Today we'll learn one of the most basic, but most powerful feature of a chrome extension... the content script. Code along with me or clone my repo to add it to your chrome.
If you'd like to further with your extension, here are some helpful docs.
Extensions: https://developer.chrome.com/docs/extensions/
Manifest: https://developer.chrome.com/docs/extensions/mv3/manifest/
API reference: https://developer.chrome.com/docs/extensions/reference/
Service workers: https://developer.chrome.com/docs/workbox/service-worker-overview/
In a new directory, create a manifest.json
file, it's the most important file of any extension and ties the whole thing together.

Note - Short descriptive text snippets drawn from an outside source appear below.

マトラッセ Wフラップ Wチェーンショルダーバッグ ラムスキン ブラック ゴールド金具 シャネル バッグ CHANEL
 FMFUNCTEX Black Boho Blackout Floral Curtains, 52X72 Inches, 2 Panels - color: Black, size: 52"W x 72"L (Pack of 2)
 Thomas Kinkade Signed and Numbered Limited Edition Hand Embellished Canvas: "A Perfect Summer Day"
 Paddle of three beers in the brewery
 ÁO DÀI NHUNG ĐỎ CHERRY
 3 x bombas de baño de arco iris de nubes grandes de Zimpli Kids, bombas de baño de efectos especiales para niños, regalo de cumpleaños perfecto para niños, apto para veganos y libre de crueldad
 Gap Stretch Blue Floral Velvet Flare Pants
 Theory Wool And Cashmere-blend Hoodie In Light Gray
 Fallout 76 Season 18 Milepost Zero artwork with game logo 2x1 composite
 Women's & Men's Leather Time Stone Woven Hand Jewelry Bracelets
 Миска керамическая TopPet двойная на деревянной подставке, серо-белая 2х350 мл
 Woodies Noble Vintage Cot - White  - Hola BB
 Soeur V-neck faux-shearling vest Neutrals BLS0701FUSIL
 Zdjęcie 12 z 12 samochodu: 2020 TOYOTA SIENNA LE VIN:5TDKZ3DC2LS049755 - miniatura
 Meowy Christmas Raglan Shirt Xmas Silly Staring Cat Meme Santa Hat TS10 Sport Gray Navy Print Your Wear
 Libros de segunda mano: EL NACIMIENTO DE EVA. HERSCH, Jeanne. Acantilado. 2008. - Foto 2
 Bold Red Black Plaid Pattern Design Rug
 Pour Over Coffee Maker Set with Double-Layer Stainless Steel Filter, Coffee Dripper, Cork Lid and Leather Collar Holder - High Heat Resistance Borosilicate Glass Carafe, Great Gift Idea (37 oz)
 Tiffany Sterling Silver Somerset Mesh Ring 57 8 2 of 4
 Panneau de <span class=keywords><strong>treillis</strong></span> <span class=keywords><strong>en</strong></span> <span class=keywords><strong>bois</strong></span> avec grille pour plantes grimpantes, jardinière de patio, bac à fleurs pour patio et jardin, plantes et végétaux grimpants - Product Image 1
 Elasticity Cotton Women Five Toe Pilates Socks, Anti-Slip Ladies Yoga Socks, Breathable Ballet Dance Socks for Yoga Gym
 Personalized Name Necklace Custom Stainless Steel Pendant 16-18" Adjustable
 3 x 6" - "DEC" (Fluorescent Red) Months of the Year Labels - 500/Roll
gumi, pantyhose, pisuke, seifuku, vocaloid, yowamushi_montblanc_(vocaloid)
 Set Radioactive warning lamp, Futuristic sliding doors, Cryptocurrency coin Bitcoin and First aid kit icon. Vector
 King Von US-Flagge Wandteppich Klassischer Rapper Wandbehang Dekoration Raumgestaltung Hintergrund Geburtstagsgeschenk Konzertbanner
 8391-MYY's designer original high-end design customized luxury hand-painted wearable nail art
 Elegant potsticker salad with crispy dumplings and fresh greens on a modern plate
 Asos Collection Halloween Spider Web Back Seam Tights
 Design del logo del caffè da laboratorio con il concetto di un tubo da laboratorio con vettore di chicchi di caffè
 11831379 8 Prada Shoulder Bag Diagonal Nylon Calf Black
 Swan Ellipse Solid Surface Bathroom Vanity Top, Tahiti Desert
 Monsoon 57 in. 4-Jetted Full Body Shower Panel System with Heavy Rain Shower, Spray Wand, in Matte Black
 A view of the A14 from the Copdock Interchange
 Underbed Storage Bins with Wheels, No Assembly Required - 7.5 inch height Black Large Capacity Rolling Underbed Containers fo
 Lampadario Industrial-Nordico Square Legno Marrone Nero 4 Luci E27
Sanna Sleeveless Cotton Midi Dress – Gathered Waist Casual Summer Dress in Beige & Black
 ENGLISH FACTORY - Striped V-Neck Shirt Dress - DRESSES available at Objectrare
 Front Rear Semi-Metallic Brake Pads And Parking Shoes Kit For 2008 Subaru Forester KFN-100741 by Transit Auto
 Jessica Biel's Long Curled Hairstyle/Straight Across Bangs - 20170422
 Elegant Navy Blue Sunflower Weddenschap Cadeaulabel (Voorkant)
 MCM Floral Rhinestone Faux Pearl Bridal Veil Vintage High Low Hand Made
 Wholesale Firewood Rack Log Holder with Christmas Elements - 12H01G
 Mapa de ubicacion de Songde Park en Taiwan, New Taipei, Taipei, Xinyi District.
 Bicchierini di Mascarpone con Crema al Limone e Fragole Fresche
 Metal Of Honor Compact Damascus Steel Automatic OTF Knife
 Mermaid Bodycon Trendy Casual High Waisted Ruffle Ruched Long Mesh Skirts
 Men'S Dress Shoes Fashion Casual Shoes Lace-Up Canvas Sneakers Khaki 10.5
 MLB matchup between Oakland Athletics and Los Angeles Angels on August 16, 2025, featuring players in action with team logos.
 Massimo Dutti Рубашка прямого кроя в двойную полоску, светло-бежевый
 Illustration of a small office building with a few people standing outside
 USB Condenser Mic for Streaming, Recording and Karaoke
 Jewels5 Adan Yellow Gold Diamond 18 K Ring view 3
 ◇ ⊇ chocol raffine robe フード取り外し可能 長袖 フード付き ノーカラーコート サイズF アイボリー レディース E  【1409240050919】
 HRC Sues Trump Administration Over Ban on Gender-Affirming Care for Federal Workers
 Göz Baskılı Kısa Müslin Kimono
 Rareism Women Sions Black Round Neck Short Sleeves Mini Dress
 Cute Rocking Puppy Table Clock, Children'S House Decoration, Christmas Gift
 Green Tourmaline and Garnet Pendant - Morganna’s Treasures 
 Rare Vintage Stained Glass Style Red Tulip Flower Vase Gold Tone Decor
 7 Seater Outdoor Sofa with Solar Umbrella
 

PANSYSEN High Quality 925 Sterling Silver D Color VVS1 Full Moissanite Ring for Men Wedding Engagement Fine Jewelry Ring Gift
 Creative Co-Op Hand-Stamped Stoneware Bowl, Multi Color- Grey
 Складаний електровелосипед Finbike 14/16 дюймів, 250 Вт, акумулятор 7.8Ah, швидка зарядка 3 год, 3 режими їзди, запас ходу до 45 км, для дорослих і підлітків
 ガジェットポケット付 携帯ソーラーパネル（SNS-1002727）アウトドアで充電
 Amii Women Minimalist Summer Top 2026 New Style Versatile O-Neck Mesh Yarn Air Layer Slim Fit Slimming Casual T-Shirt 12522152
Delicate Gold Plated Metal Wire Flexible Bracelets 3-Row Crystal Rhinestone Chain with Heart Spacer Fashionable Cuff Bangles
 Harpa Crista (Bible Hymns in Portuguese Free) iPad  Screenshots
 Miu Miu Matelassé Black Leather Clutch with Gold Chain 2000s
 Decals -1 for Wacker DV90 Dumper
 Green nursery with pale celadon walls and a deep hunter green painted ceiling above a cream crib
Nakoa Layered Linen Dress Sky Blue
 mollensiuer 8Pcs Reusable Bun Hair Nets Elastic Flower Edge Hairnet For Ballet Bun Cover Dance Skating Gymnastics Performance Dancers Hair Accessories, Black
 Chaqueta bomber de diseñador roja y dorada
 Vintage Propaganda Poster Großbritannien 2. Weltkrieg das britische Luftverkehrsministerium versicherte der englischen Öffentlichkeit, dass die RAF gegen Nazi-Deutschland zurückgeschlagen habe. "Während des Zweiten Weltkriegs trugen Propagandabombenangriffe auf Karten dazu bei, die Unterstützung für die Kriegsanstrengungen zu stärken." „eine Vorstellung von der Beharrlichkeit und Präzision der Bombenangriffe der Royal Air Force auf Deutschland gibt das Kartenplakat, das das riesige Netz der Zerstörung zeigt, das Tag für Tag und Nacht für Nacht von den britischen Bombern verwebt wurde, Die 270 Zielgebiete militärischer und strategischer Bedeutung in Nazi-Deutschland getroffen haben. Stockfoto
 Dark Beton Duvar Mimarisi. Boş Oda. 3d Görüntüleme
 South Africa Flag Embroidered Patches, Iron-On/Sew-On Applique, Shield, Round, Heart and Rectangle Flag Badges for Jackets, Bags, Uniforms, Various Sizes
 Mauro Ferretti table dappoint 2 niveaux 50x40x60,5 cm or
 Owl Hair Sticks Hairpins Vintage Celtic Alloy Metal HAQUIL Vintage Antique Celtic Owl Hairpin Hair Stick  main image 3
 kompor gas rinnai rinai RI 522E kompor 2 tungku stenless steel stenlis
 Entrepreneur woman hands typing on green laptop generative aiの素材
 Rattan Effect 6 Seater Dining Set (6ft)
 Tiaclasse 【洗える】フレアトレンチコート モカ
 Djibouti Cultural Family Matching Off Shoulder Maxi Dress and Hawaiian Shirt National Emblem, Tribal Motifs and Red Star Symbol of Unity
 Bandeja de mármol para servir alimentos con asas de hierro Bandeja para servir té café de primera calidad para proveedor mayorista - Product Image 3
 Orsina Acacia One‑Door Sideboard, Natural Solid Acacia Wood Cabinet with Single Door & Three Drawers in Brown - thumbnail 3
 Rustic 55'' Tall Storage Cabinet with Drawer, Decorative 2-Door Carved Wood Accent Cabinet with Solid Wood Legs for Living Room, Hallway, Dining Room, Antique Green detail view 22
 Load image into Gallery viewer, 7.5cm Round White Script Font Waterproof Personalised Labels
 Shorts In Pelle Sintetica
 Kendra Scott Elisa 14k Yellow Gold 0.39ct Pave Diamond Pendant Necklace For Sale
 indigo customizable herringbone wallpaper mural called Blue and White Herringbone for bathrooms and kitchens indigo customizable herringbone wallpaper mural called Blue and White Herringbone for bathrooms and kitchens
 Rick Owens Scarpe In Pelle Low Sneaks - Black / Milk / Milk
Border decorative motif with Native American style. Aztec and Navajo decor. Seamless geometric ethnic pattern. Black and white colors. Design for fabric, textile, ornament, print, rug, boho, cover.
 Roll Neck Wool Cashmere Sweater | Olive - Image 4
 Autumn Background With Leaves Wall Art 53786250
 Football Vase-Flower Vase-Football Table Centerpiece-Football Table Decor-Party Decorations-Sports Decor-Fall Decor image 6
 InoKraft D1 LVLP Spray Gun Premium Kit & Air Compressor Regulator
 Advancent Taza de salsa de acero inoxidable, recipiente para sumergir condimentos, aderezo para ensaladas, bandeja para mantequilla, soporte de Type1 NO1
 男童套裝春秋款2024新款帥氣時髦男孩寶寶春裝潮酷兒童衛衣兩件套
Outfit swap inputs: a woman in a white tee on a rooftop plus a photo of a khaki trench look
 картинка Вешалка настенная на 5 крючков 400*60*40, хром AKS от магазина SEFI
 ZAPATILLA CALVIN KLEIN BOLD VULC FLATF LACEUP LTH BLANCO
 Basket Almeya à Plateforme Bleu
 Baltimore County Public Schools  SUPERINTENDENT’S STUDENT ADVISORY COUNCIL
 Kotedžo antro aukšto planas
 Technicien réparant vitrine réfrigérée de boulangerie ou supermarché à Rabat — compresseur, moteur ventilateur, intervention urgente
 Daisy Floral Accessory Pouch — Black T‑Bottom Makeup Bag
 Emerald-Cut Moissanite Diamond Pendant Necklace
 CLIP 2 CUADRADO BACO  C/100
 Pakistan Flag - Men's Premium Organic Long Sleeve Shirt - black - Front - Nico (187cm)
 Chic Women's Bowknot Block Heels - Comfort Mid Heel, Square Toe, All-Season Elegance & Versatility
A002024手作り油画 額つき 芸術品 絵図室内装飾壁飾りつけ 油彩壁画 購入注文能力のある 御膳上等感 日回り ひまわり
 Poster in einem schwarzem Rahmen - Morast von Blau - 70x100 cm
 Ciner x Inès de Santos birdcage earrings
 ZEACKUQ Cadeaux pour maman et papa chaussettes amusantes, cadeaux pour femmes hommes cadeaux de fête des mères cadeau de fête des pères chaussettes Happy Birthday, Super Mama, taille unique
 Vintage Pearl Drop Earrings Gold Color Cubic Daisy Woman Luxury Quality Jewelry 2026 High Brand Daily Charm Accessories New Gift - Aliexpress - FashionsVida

It's fairly self explanatory defines a content script that will run any twitter twitter path, after the page loads (as defined by "matches": ["https://twitter.com/*"]
)
{
"manifest_version": 3,
"name": "Twitter Blue hider",
"version": "1.0.0",
"description": "Simply hides the Twitter Blue button on twitter, makes the UI nicer on a smaller screens.",
"icons": {
"16": "twitter.png",
"48": "twitter.png",
"128": "twitter.png"
},
"action": {
"default_icons": {
"16": "twitter.png",
"48": "twitter.png",
"128": "twitter.png"
},
"default_title": "Twitter Blue hider"
},
"content_scripts": [
{
"matches": ["https://twitter.com/*"],
"css": ["twitter.css"]
}
]
}
The script simply runs the CSS in twitter.css
and targets an a tag inside the nav with an aria-label attribute of "Twitter Blue" and sets the display to none.
nav [aria-label='Twitter Blue'] {
display: none;
}
The extension is so simple in terms of function, now lets add it to our browser. Go to chrome://extensions/
in Chrome, Toggle on Developer Mode, click load unpacked and select the directory of your project.